D’où est venue l’idée du livre ?
A force d’aller dans les musées et de voir la représentation de noirs sans vraiment connaitre l’histoire du personnage, il me semblait nécessaire de raconter leurs histoires. Le but du livre est aussi de vulgariser l’Histoire, de la rendre accessible à tous les publics. C’est d’ailleurs pour cela que j’ai choisi de faire des textes très simples qui vont à l’essentiel et qui peuvent se lire en 8 mn maximum.
Finalement il s’agit d’un livre d’histoire et non pas un livre d’art. Je prends pour prétexte une peinture pour ensuite dérouler toute une histoire connue ou encore méconnue et qui nous touche.
En France on a encore un problème à concevoir qu’une personne ait une identité multiple. Par exemple je suis français, banlieusard, d’origine sénégalaise, écrivain, prof d’histoire – géo, voyageur et surtout j’adore l’art.
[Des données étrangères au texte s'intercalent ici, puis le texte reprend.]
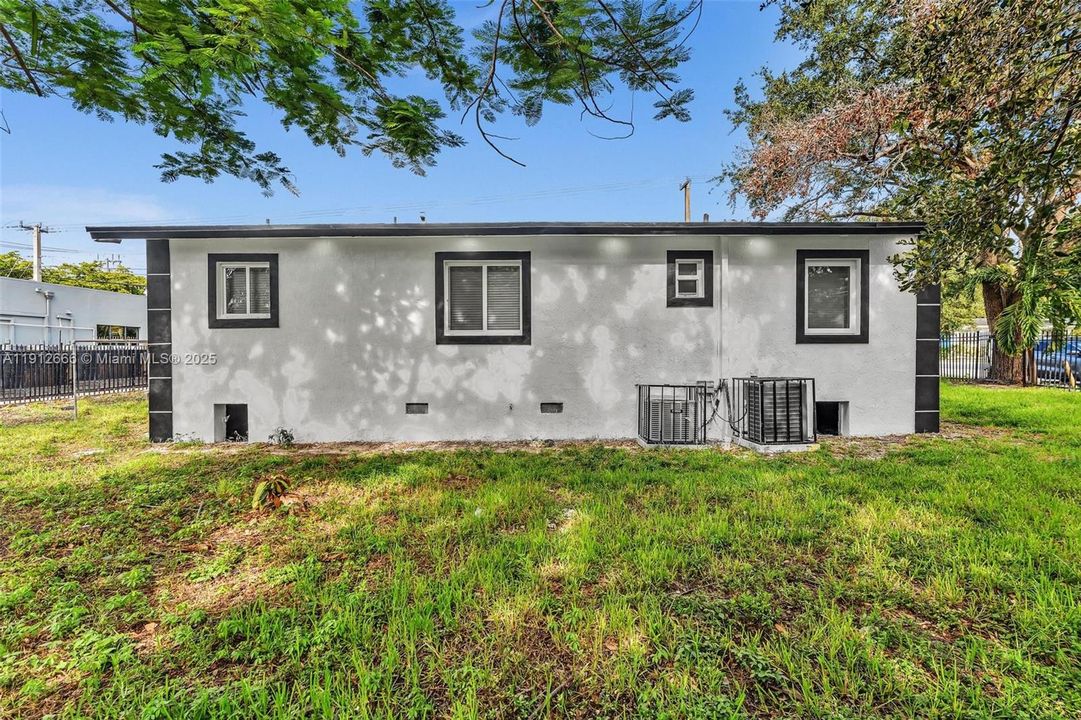 待售: $1,050,000 (4 贝兹, 3 浴室, 1530 平方英尺)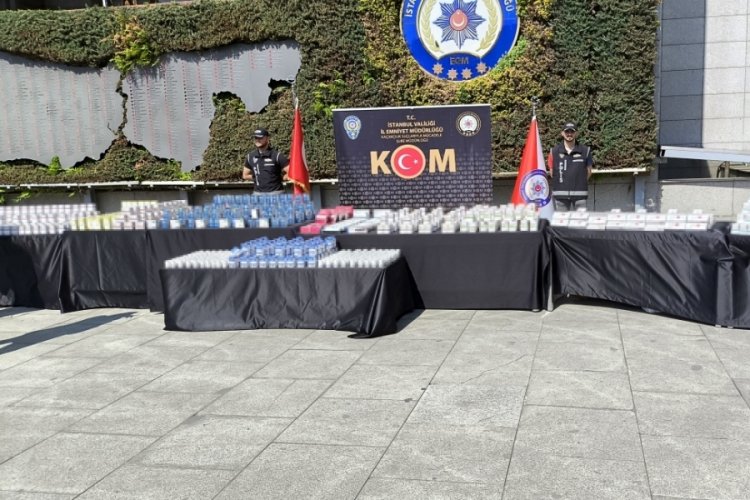 İstanbul'da 72 bin 761 kutu ka&ccedil;ak ila&ccedil; ele ge&ccedil;irildi!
Les histoires ou la manière dont on voit l’autre est toujours très manichéenne en France, et on est vite mis dans une case. Ce livre est aussi un testament de ces histoires qui réfutent cette vision.
Comment s’est passée l’écriture du livre ? Comment est-ce qu’on choisit ce qui va apparaître et ce qui ne va pas apparaître ?
On s’est réparti le travail avec Grégoire (ami et co-auteur du livre) et on a d’abord recensé des milliers d’œuvres puis on les a divisées en plusieurs thématiques. Initialement on avait 20 thèmes chacun, puis on s’est arrêté à 10 thèmes – qui sont ceux qui figurent dans le livre. Je ne voulais pas faire un livre chiant et long à lire avec pleins de citations latines.
Le but c’est vraiment de faire un lien entre les gens mais aussi avec l’art et notamment cet art qui est souvent considéré comme l’apanage de certains privilégiés. Le but est de vulgariser les thèmes et je pensais notamment à mes élèves (de collège) en l’écrivant.
Quel a été l’accueil de ce livre ?
Très bon, on avait plein de propositions (plaisante t’il).
Les éditeurs étaient très frileux, le mot noir leur faisait très peur. C’est d’ailleurs pour ça que ça a pris 4 ans (de la conception à la vente). Les lettres de refus étaient très argumentées, ce qui m’a poussé à continuer.
Plusieurs éditeurs nous ont conseillé de trouver des maisons d’édition anglo-saxonnes et de le faire sortir en Angleterre ou aux États unis pour qu’ils puissent le traduire ensuite et le vendre ici. Mais étant assez persistant, j’ai continué à envoyer le livre et on a finalement trouvé un petit éditeur (Omniscience Eds) qui a accepté de le faire paraître.
C’est surtout le public qui l’a très bien accueilli et qui nous envoyait pas mal de photos. J’ai donc décidé de créer un insta (@nailverndoye) pour publier leurs photos. Il y a eu un vrai sentiment de fierté mais pas que de la communauté noire.
Si tu pouvais nous parler de 3 œuvres du livre qui t’ont marquées, ce serait lesquelles ?
L’œuvre représentant Ayouba Diallo qui est celle d’un imam issu d’une famille d’érudits qui voulait vendre ses esclaves et qui se retrouve vendu. Dans le livre on parle notamment de sa vie et comment, après de nombreuses péripéties, il a pu revenir dans son pays.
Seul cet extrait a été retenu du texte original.